Your objective: The copy should begin at the line containing "818 Saddle Ridge, Portage, WI 53901" and end with the last line below, every line exact and no picture included.

Recorded data:

+--

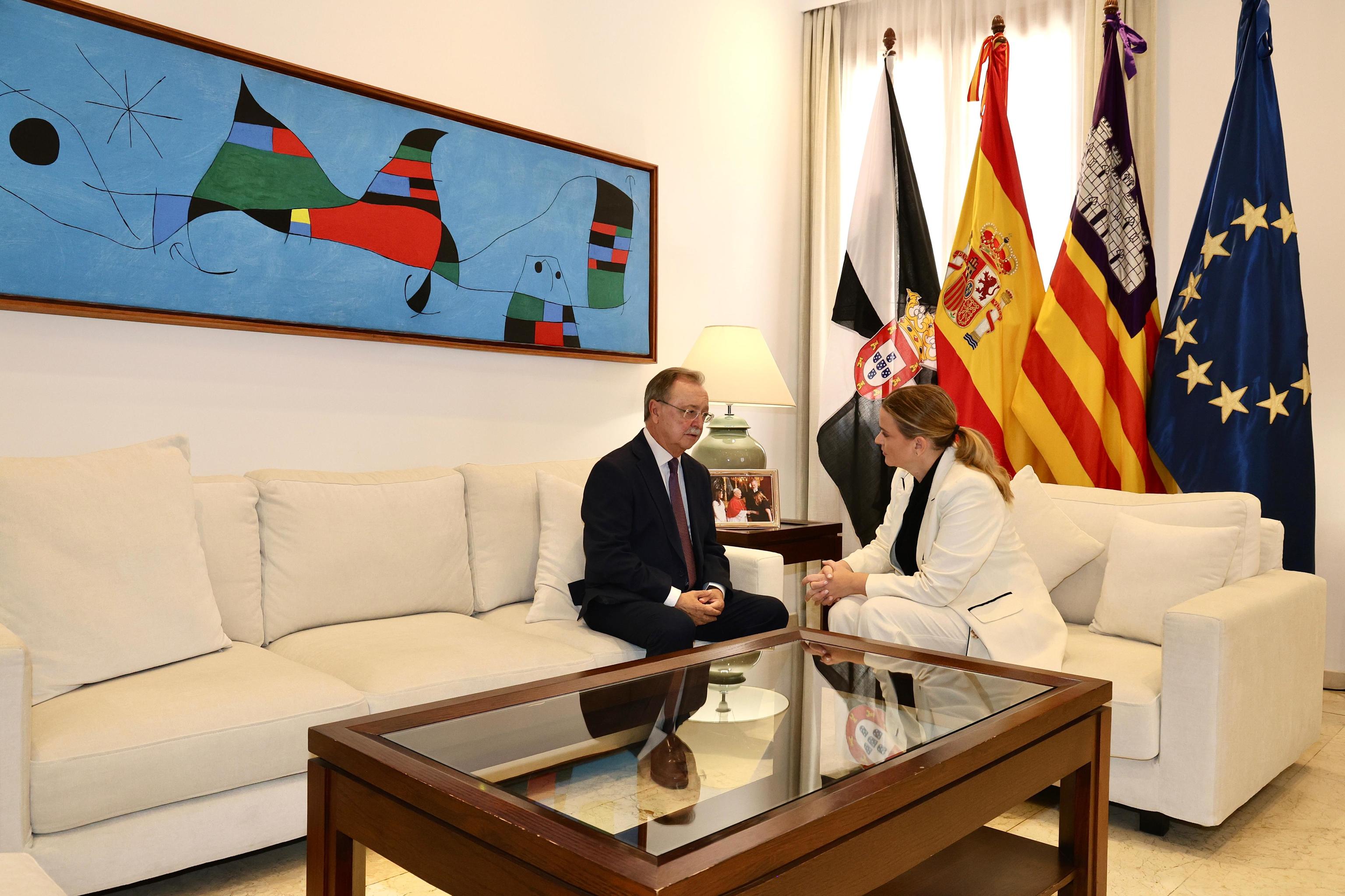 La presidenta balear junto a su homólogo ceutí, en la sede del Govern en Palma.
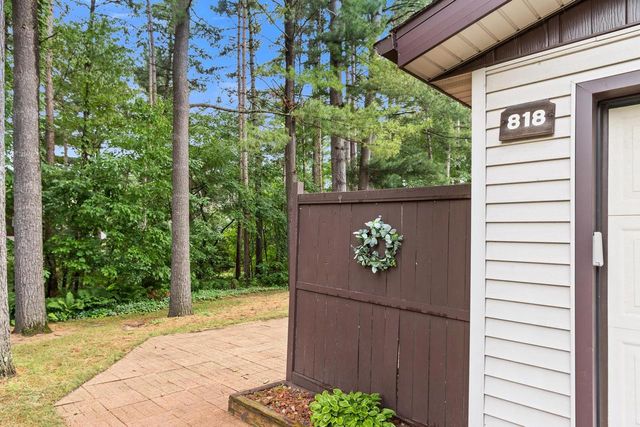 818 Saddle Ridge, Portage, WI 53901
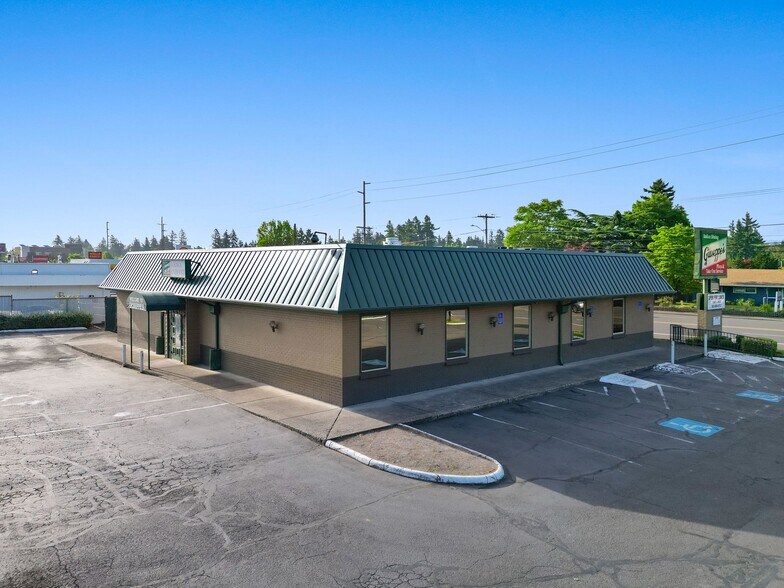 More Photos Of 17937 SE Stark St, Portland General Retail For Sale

+--

Expected output:
 818 Saddle Ridge, Portage, WI 53901
 More Photos Of 17937 SE Stark St, Portland General Retail For Sale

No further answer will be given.